▶ **Problem description**
Give the listing again word for word. Leave every image out.

*** Available data Section Begins ***

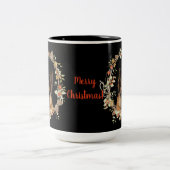 Herrliches Schäferhund-Weihnachten Zweifarbige Tasse (Mittel)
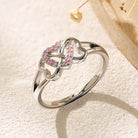 FuAttract Love & Self-Love Emotional Balance Infinity & Heart Zircon Ring  - Pink - US 12 - image 17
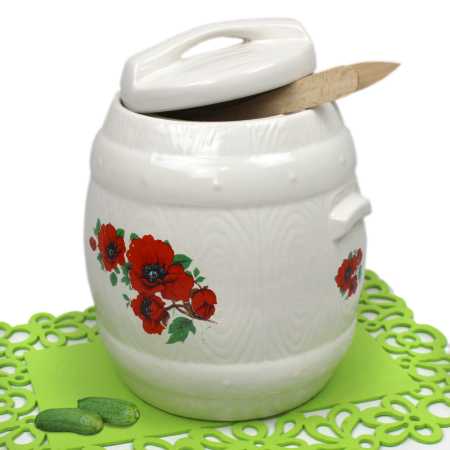 Gurkenfass mit verschiedenen Mohnblumen Motiv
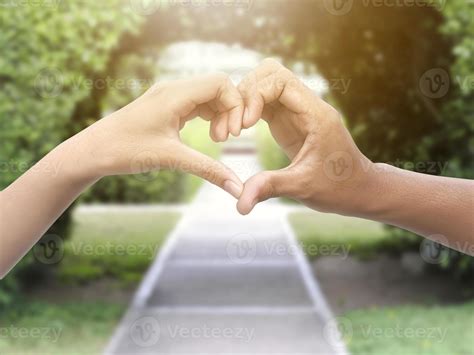 pareja haciendo forma de corazón con las manos en el parque 10220292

*** Available data Section Ends ***

▶ **Answer section**
 Herrliches Schäferhund-Weihnachten Zweifarbige Tasse (Mittel)
 FuAttract Love & Self-Love Emotional Balance Infinity & Heart Zircon Ring  - Pink - US 12 - image 17
 Gurkenfass mit verschiedenen Mohnblumen Motiv
 pareja haciendo forma de corazón con las manos en el parque 10220292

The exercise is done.